Dalam tausiyahnya, Ustadz Iqbal menjelaskan bahwa Allah Subhanahu wa Ta’ala telah menetapkan dalam satu tahun terdapat dua belas bulan, dan di antaranya ada empat bulan haram (bulan suci) yang dimuliakan. Keistimewaan empat bulan tersebut bahkan telah ada sejak sebelum Nabi Adam ‘alaihissalam. Di antara bulan-bulan tersebut adalah Dzulqa’dah dan Dzulhijjah.
Namun demikian, Allah memberikan keistimewaan khusus kepada umat Nabi Muhammad berupa Bulan Ramadhan. “Ramadhan adalah anugerah luar biasa bagi umat ini. Allah memberikan kepada kita bulan yang penuh keberkahan agar kita menjadi umat yang lebih mulia dibandingkan umat-umat sebelumnya,” jelasnya.
Ia juga menyampaikan bahwa umat Nabi Muhammad adalah umat terakhir yang menghuni bumi, namun menjadi umat pertama yang dihisab dan pertama kali masuk surga. Salah satu bentuk kemuliaan tersebut adalah adanya Ramadhan, di mana pahala dilipatgandakan dan pintu ampunan dibuka selebar-lebarnya.
“Agar pahala kita lebih besar dari umat-umat sebelum kita, Allah memberikan Ramadhan kepada kita. Maka maksimalkanlah ibadah di waktu-waktu yang penuh keberkahan ini,” ujar Ustadz Iqbal.
Dalam kajian tersebut, ia menekankan bahwa di antara sifat seorang mukmin adalah berbahagia dalam ketaatan. Seorang yang beriman merasa senang ketika Allah memudahkan dirinya untuk beribadah dan mendapatkan pahala yang besar.
Ustadz Iqbal juga mengingatkan tentang dua kebahagiaan bagi orang yang berpuasa, sebagaimana disebutkan dalam hadits Nabi. “Orang yang berpuasa memiliki dua kebahagiaan: kebahagiaan ketika berbuka puasa dan kebahagiaan ketika berjumpa dengan Allah Subhanahu wa Ta’ala,” terangnya.

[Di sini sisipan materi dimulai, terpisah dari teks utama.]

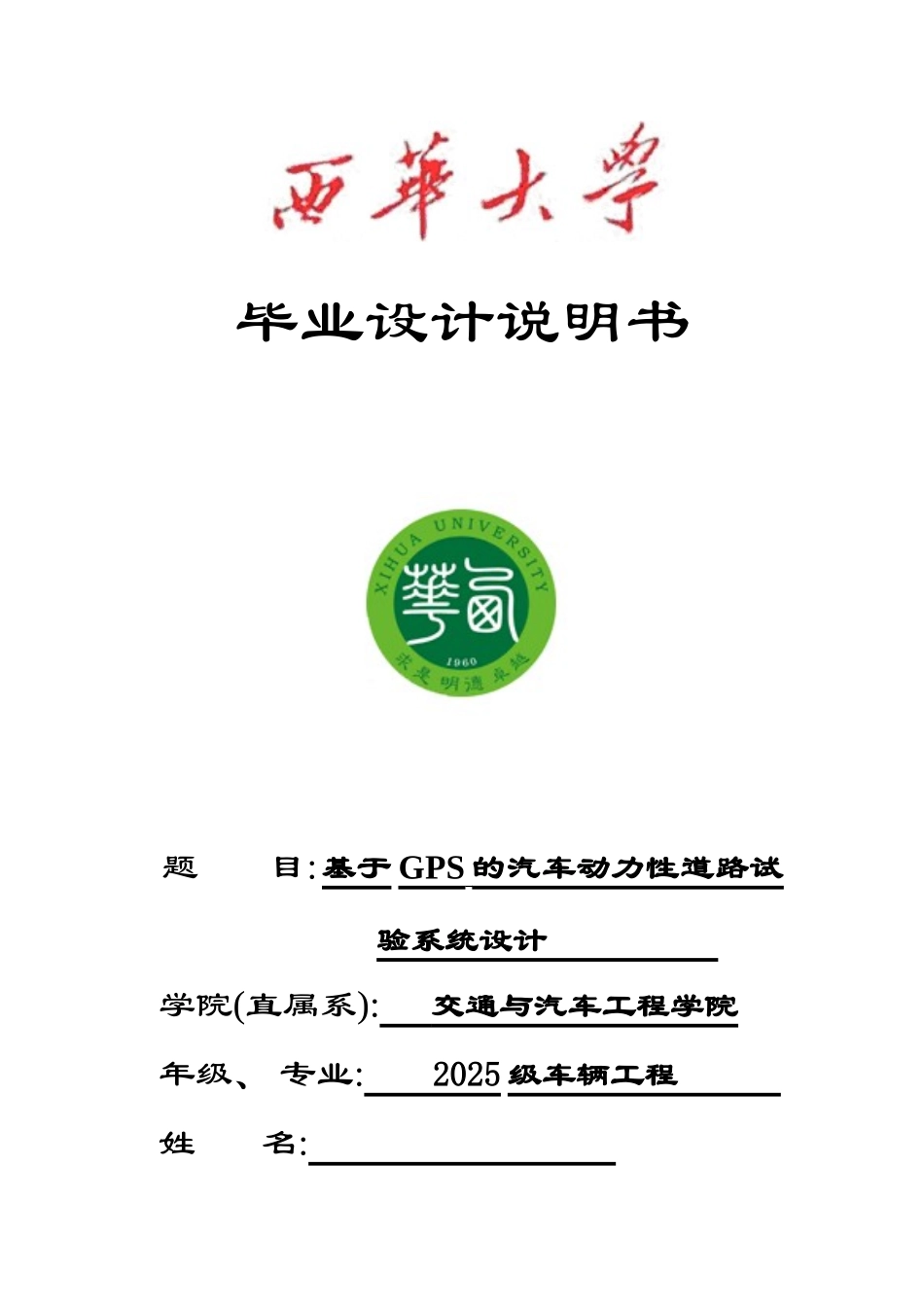基于gps的汽车动力性道路试验系统设计本科论文_第1页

Ia menambahkan bahwa pahala puasa memiliki keistimewaan tersendiri. Tidak seperti amalan lain yang disebutkan kelipatan pahalanya, puasa adalah ibadah yang balasannya langsung dari Allah dengan pahala yang tidak terbatas.

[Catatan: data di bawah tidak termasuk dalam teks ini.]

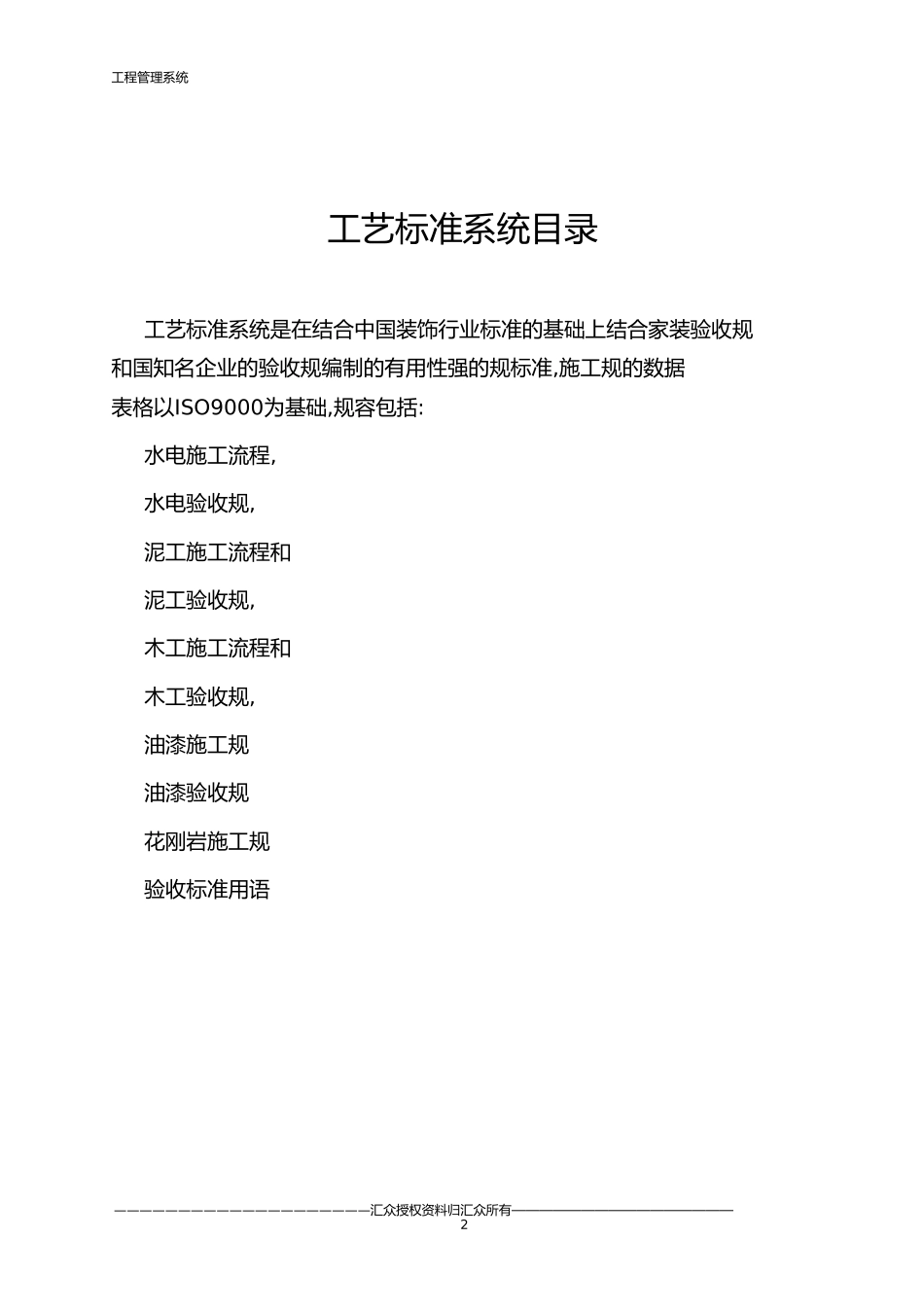 工艺标准系统培训资料全_第2页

Selain itu, jamaah juga diingatkan pentingnya memahami hal-hal yang wajib dan yang haram. Ramadhan bukan hanya tentang menahan lapar dan haus, tetapi juga tentang memperbaiki diri, menjaga lisan, menahan amarah, serta menjauhi maksiat.
Dalam pemaparannya, Ustadz Iqbal menyampaikan beberapa kiat agar Ramadhan lebih bermakna:
Pertama, menyadari bahwa hidup adalah pertanggungjawaban. Setiap perkataan dan perbuatan akan dicatat dan dipertanggungjawabkan di hadapan Allah.

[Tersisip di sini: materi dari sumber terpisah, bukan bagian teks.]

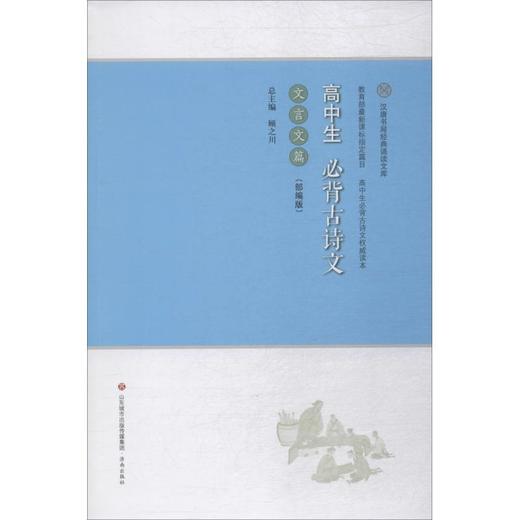 高中生必背古诗文 文言文篇(部编版) 商品图0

Kedua, meyakini bahwa setiap kebaikan akan kembali kepada diri sendiri. Sedekah, membantu sesama, dan amal saleh lainnya akan mendatangkan ketenangan hati dan keberkahan hidup.
Ketiga, memahami keutamaan Ramadhan, di mana pahala dilipatgandakan, dosa diampuni, doa lebih mudah dikabulkan, dan terdapat malam Lailatul Qadar yang lebih baik dari seribu bulan.
Keempat, menjadikan puasa sebagai latihan pengendalian diri, bukan hanya menahan makan dan minum, tetapi juga menjaga sikap dan perilaku.
Kelima, memiliki target ibadah, seperti mengkhatamkan Al-Qur’an, rutin tarawih, memperbanyak sedekah, dan memperbanyak doa agar Ramadhan lebih terarah dan optimal.
Kajian ini diharapkan dapat menjadi pengingat sekaligus motivasi bagi jamaah untuk menyambut Ramadhan dengan persiapan iman, ilmu, dan amal, sehingga Ramadhan tahun ini benar-benar membawa perubahan dan peningkatan kualitas diri.